Beyond the deck, the beach spread to the shoreline and a calm ocean. A full moon above laid a silvery path across the water. From somewhere below the deck, the scent of jasmine came wafting up onto the night. Some kids up the beach were playing guitars. Lake Shore Drive again. Except that on the night they'd met, it was mandolins and mimosa.
"I knew you'd be here tonight," Susan said. "Muriel phoned and asked if it was okay to invite you. Did she tell you I'd be here?"
"No."
"Would you have come? If you'd known?"
"Probably not," he said. "But now I'm glad I did."
***
The tail was still with him.
He had deliberately turned south on U.S. 41, away from his condo, the last thing he wanted was to get cold-cocked in an apartment that had only one way in or out. He figured he'd find another bar, go in there, hope the tail would follow him in, see if he couldn't make the guy, play it from there. Maybe do like they did in the movies. Walk up to whoever it was, tell the guy "Hey, you gonna stay with me all night, why not sit down and have a drink?" Eddie Murphy did that once, didn't he? In that movie where he played a Detroit cop?

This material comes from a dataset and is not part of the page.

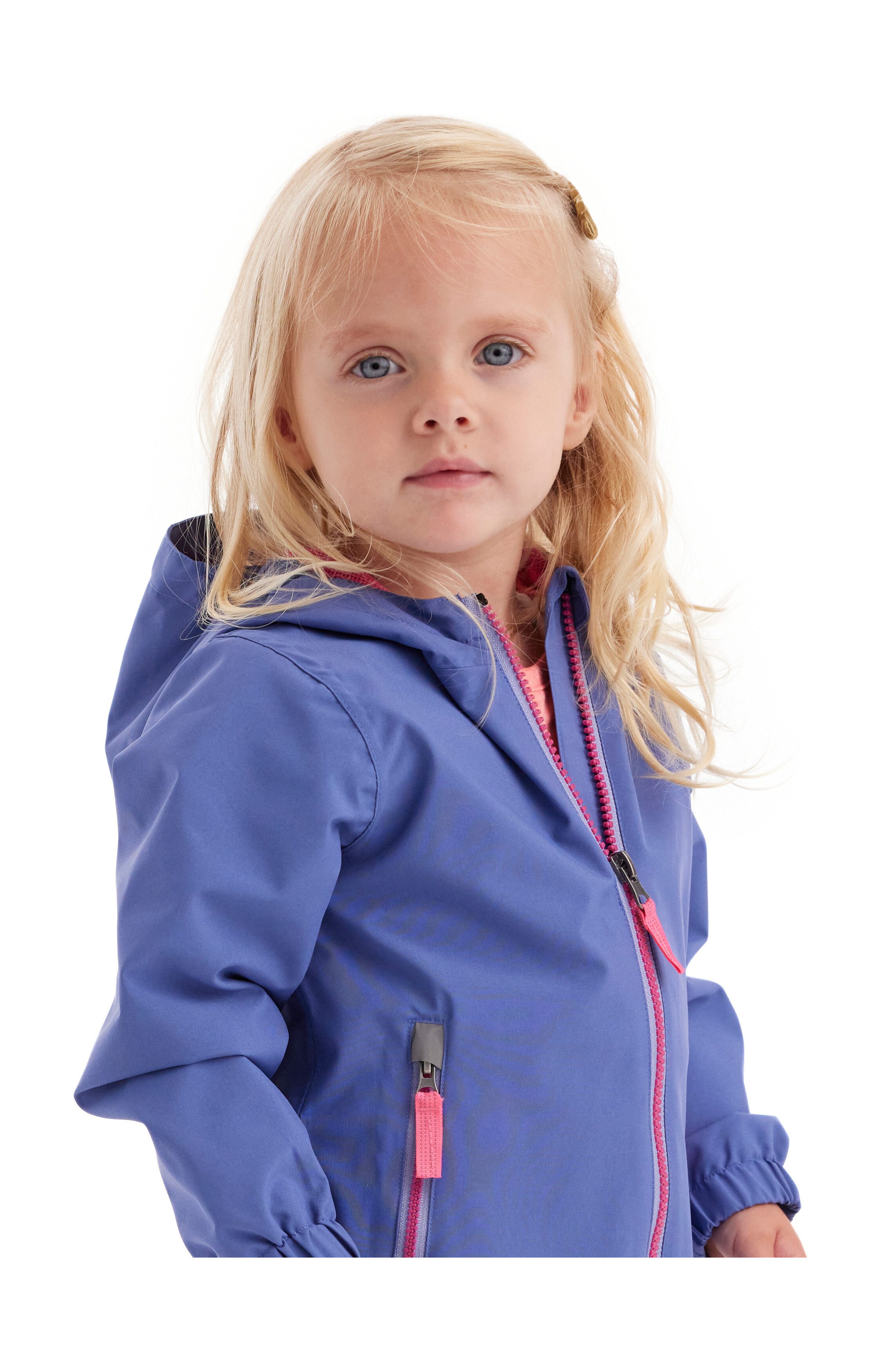 first instinct by killtec Funktionsjacke FIOS 10 MNS JCKT Wasser- und winddicht, Ärmel mit Grow-Up Funktion, Kinnschutz – Bild 4 von 5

Could see the lights of the car in the rearview mirror.
Following.
Steady.
Twenty, thirty feet behind him. Very ballsy.
Not anyone's car he knew.
He'd spotted the car three blocks after he'd left the Sea Shanty. Stopped to buy himself some cigarettes at the Seven-Eleven on 41, noticed the car pulling in behind him. Still there when he came out with the cigarettes. Car was a black Toronado with red racing stripes and tinted windows, couldn't make out the driver through the almost-black glass. Pulled out almost the minute he did, though, the guy had to be an amateur. Or somebody just didn't give a shit.
Otto himself was driving a faded blue Buick Century. The whole thing in surveillance work, you wanted the car to blend in with the surroundings. You drove something showy, they made you in a minute. If automobile dealers sold pre-faded cars, he'd buy a dozen of them. This one had faded by itself over the years and was perfect for making itself disappear.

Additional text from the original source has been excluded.